__THE TASK__.
Repeat each record below exactly, omitting whatever pictures appear in it.

__EXERCISE DATA__.
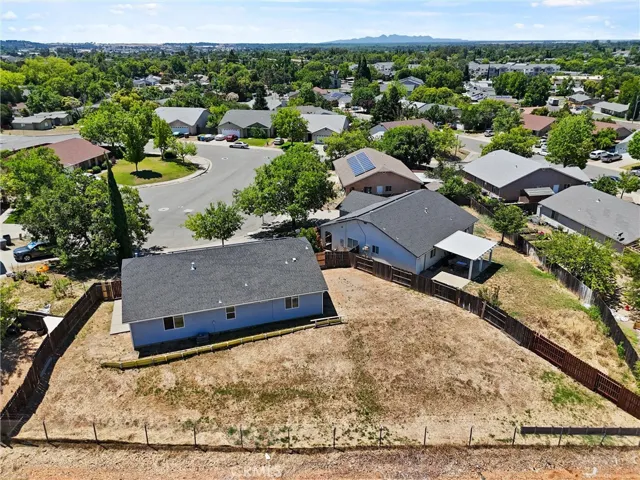 Rear of home backyard overview.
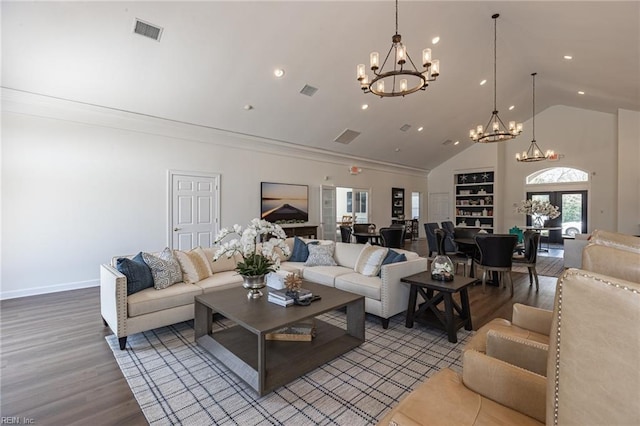 living room featuring an inviting chandelier, wood-type flooring, and high vaulted ceiling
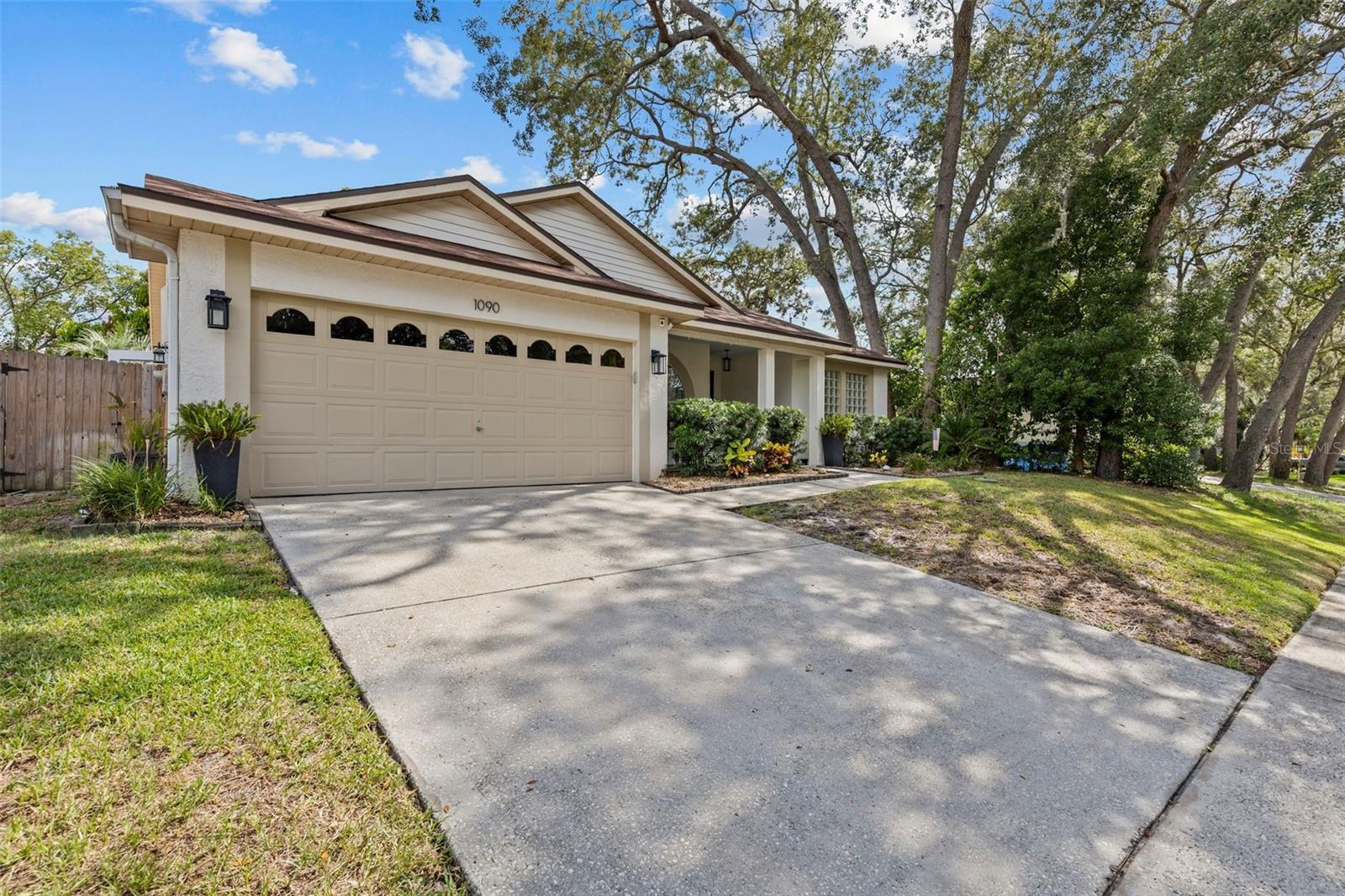 .Welcome to this beautifully maintained 3-bedroom, 2-bathroom pool home with a 2-car garage, located in the highly desirable Rolling Oaks subdivision. Offering approximately 1,700 square feet of heated and air-conditioned living space, this move-in-ready residence combines comfort, functionality, and timeless appeal in a sought-after location.
Step inside to an inviting open floor plan featuring neutral décor, soaring ceilings, and beautiful wood flooring throughout the foyer, living room, and dining room. The spacious living room opens to the pool area through sliding glass doors, creating a seamless indoor-outdoor flow perfect for entertaining and everyday living.
The well-appointed kitchen features warm wood cabinetry, stainless steel gas appliances, a large breakfast bar, and ample workspace. Overlooking the family room, the kitchen serves as the heart of the home. The family room offers a cozy gas fireplace and additional sliding glass doors leading to the lanai and pool area.
The private primary suite is a true retreat, showcasing wood-look tile flooring and direct access to the pool through sliding glass doors. The en-suite bathroom includes dual granite-topped vanities, a relaxing garden tub, and a separate walk-in shower. Bedrooms two and three are generously sized and share a full guest bathroom with a tub and shower combination.
Outdoor living is exceptional, with a tiled lanai overlooking a screened pool and heated spa, creating the perfect setting for year-round enjoyment. Beyond the screened enclosure, an additional patio provides a private space for sunbathing or relaxing. The fenced backyard offers a peaceful, oasis-like atmosphere with plenty of room to enjoy Florida living.
Additional features include an inside laundry room, a spacious 2-car garage, and low HOA fees of just $150 annually. For added peace of mind, the home is located outside the flood zone, flood insurance is not required, and the neighborhood experienced no flooding during the 2024 storms.
Ideally situated near the famous Tarpon Springs Sponge Docks, residents enjoy easy access to waterfront dining, unique shopping, and local cultural attractions. Sunset Beach and Fred Howard Park are just a short drive away, and the home is zoned for highly regarded schools while also offering convenient access to St. Petersburg College. Combining a desirable location, thoughtful updates, and an outstanding layout, this exceptional home is ready to welcome its next owner.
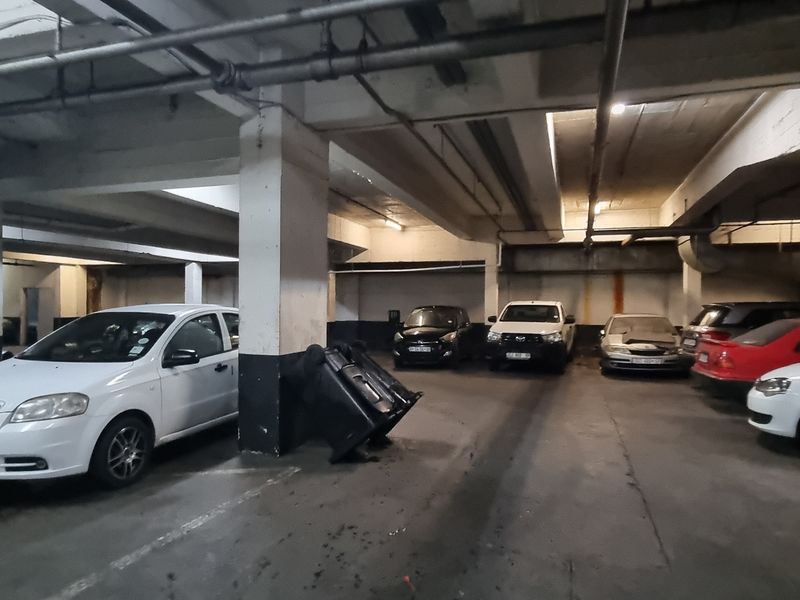 Underground parking garage area featuring concrete structural columns, exposed overhead utility piping, and a wall-mounted fire hose reel.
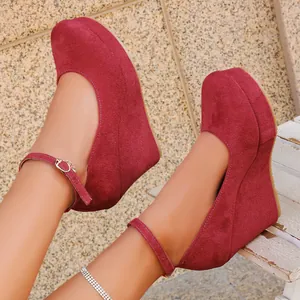 Detail view of stylish burgundy suede wedge pumps featuring an adjustable ankle strap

__EXPECTED OUTPUT__.
 Rear of home backyard overview.
 living room featuring an inviting chandelier, wood-type flooring, and high vaulted ceiling
 .Welcome to this beautifully maintained 3-bedroom, 2-bathroom pool home with a 2-car garage, located in the highly desirable Rolling Oaks subdivision. Offering approximately 1,700 square feet of heated and air-conditioned living space, this move-in-ready residence combines comfort, functionality, and timeless appeal in a sought-after location.
Step inside to an inviting open floor plan featuring neutral décor, soaring ceilings, and beautiful wood flooring throughout the foyer, living room, and dining room. The spacious living room opens to the pool area through sliding glass doors, creating a seamless indoor-outdoor flow perfect for entertaining and everyday living.
The well-appointed kitchen features warm wood cabinetry, stainless steel gas appliances, a large breakfast bar, and ample workspace. Overlooking the family room, the kitchen serves as the heart of the home. The family room offers a cozy gas fireplace and additional sliding glass doors leading to the lanai and pool area.
The private primary suite is a true retreat, showcasing wood-look tile flooring and direct access to the pool through sliding glass doors. The en-suite bathroom includes dual granite-topped vanities, a relaxing garden tub, and a separate walk-in shower. Bedrooms two and three are generously sized and share a full guest bathroom with a tub and shower combination.
Outdoor living is exceptional, with a tiled lanai overlooking a screened pool and heated spa, creating the perfect setting for year-round enjoyment. Beyond the screened enclosure, an additional patio provides a private space for sunbathing or relaxing. The fenced backyard offers a peaceful, oasis-like atmosphere with plenty of room to enjoy Florida living.
Additional features include an inside laundry room, a spacious 2-car garage, and low HOA fees of just $150 annually. For added peace of mind, the home is located outside the flood zone, flood insurance is not required, and the neighborhood experienced no flooding during the 2024 storms.
Ideally situated near the famous Tarpon Springs Sponge Docks, residents enjoy easy access to waterfront dining, unique shopping, and local cultural attractions. Sunset Beach and Fred Howard Park are just a short drive away, and the home is zoned for highly regarded schools while also offering convenient access to St. Petersburg College. Combining a desirable location, thoughtful updates, and an outstanding layout, this exceptional home is ready to welcome its next owner.
 Underground parking garage area featuring concrete structural columns, exposed overhead utility piping, and a wall-mounted fire hose reel.
 Detail view of stylish burgundy suede wedge pumps featuring an adjustable ankle strap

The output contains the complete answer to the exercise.